Van Eenoo added that he would return for a Sept. 3 Council budget work session with a recommendation about what to do with the funds. He noted that it would look a lot like a suggestion from Council Member Laura Morrison, under which staff would use the $1.5 million surplus to pay for existing one-time expenses – a move that would allow staff to shift dollars already allocated to those efforts to ongoing programs.
After the hearing, Morrison told In Fact Daily that she’d been working on her budget priorities. She indicated that she was thinking about the work done by a recently founded organization looking to put $4.5 million more in the Parks and Recreation Department’s budget, as well as a still-short youth librarians program.
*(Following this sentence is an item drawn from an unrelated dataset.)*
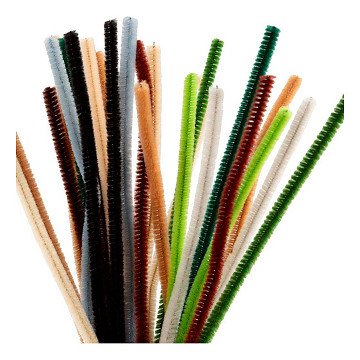 Chenille 6 mm x 30 cm Natur - 25 Stück.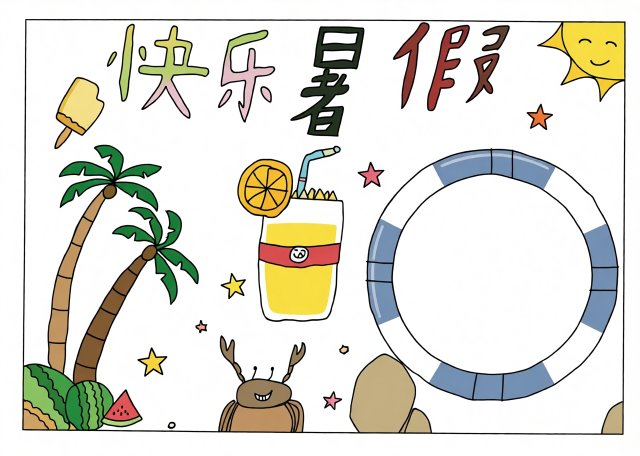 快乐暑假手抄报：简单又漂亮的暑假生活小报模板，学生必备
Morrison also indicated that the extra funds – ultimately, the result of growth in tax collection – could be part of a larger budgetary inflation phenomenon. “What is it about our budget that we’ve just exploded?” she wondered. “There have been suggestions: Special events are not paying for themselves, we have too many vacancies, we have an explosion in management level. Getting at those is really hard, but I really think we should pull back on those, get ourselves below the nominal (tax) rate, and then be able to add back.”
She continued on to suggest that parks and what the community paramedics program could benefit from such an action.
For her part, Mayor Pro Tem Sheryl Cole also honed in on parks. “We’ve heard from the community about the need for park maintenance and that our current conditions can actually pose a public safety risk,” she told In Fact Daily via email. “We need to be good stewards of the public purse and also good stewards of public parks and facilities so as savings and opportunities exist in the budget, I’ll be pushing to do more to address this critical gap in funding.”
Council members are in the middle of what has been a tough budget season. That includes perennial questions about the appropriate number of Austin police officers, as well as perennial concern about a lack of funding for city parks and libraries.
On top of those issues, the union that represents local municipal employees has been pushing for 3 percent raises for city civilian staff. Budget officials have indicated that, barring other cuts, Austin can afford only a 1.5 percent pay increase.
According to union representatives, the three percent raise would amount to roughly $2 million in added costs.
Union officials have also publicly questioned what they characterize as a bloat in city management (See In Fact Daily, Aug. 26). In both formal written budget questions and from the dais during budget work sessions, Council members have appeared to echo that concern by going through some departmental requests – such as Code Compliance – with fine-grain attention to detail.
Concerns over what started as 934 vacant city positions – but has, after attention was brought to the issue, since dwindled – and a seeming disconnect between that figure and a further budget request for more than 300 new employees have also been raised.
Council is set to hold a public budget hearing as part of today’s agenda. Final budget decisions will be delivered in mid-September.